ソレイル・ムーン、ユナイテッド・ジャナ、日本ではディスクユニオンが仕入れるなど、ディストリビュートも広かった今回のリイシュー。現時点では発売延期になるところも出てきているが、実際に発送が開始されている。自分はまずは『エンジェリック・カンヴァセーション』を購入。遅れて『ロング・アイ』と『コンシークエンス~』、『パニック』、『アナルステアーケース』、『ザ・ホイール』を頼んだ。まだ『エンジェリック』しか届いていないので、今回の文はその段階で書いているということをご了承ください。
現時点では復刻の範囲が90年代前半までに絞られており、今後もリリースが続けられていくかはまだ不明。この辺は軒並み廃盤だったので、これらだけでも事件だが、この8枚になったのは版権の都合からか。まずは『スカトロジー』や『ホース・ローターヴェイター』を復刻すべきだとは思うのだが。

angelic
実際に届いた『エンジェリック』。興奮しながら開封してみてビックリ、なんと
デジパックのケースに裸でCDが封入されているだけだった。ライナーも一切なし。CDの裏面は案の定わずかなダメージを受けているなど、そのパッケージはじめとした仕事には疑問が残る・・・。ちなみにCDのプリントは黒。オリジナルは黒と白、そして金色(見たことないですが)だったはずだ。

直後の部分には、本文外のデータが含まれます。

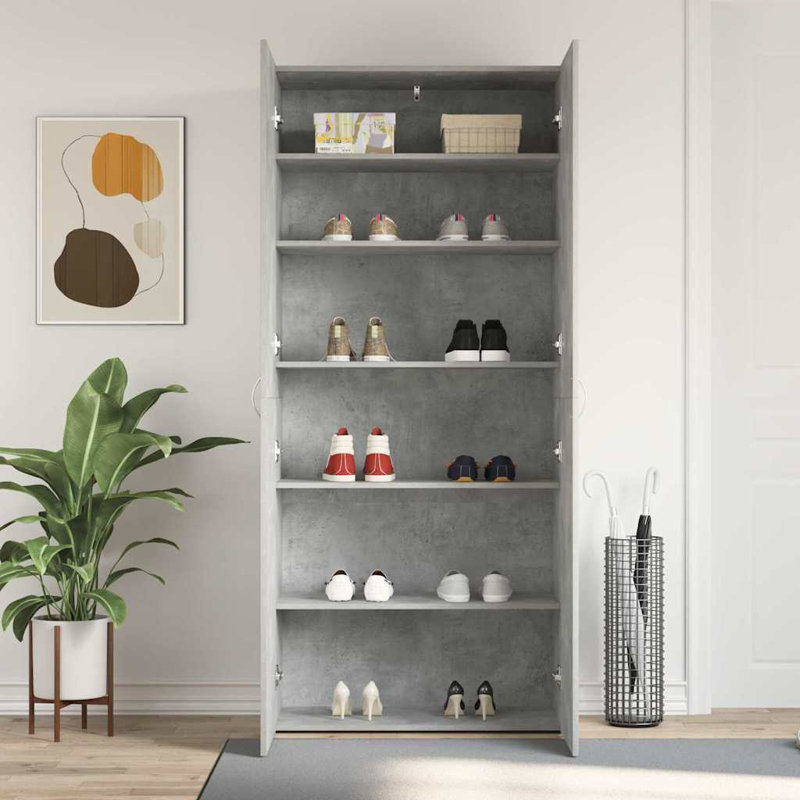 Shoe Cabinet With Door 80 X 35.5 X 180 Cm Engineered Wood, Grey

次に内容。何の概要も書いてないため、リマスターされているかもわからない。とりあえずインポートしてみた。
そこでもビックリ、なんとオリジナルと曲数が異なっている。タイトルも「The Angelic Conversation (Instrumental)」とCDDBには登録されている。よく見たら、オリジナルの最初の3曲が一まとめのトラックになっていたのだ。曲順も多少変わっており、「フィニット・ベース」が先に来ている。映画の曲順に準じたのかと思ったが、長らく見返していないため、それが正しいのかはここではわからない。後日チェックしてみようか。そして衝撃の事実が発覚する。CDDBにあるインストゥルメンタルの文字。よくチェックしないで買った自分が悪いのだが、ソレイル・ムーンのディティールにはハッキリと「別バージョン」、「シェイクスピアのソネットはなし」を意味する記述があった。そう、サウンドトラック及び映画の白眉と言っても良い、ジュディ・デンチによるシェイクスピアの朗読がオミットされているのだ。許可が取れなかったのだろうか?「アーカイブ」だから、正規の音源じゃありません、というわけでもないだろうに、謎だ。スレッショルト公式ページでは同作のWAVファイルが売られているが、これはオリジナルに準拠。流用するならばこうして内容自体を編集する意味はないわけで、わざわざ作り直したということになる。
オリジナルとの比較はそこまで腰を据えて行っていないため、まだまだ違いは挙げられそうだが、一番のショックはラストの「モンテキュート」が未収録なことだ。これはコイルが『スカトロジー』に収録していた傑作「アット・ザ・ハート・オブ・イット・オール」の別バージョン。こちらもデンチによるソネットの朗読が添えられている。クラリネットの音色が官能的で、映画のクライマックスはこれしかあり得ない程の逸品。これがないのはちょっとやりすぎではないだろうか。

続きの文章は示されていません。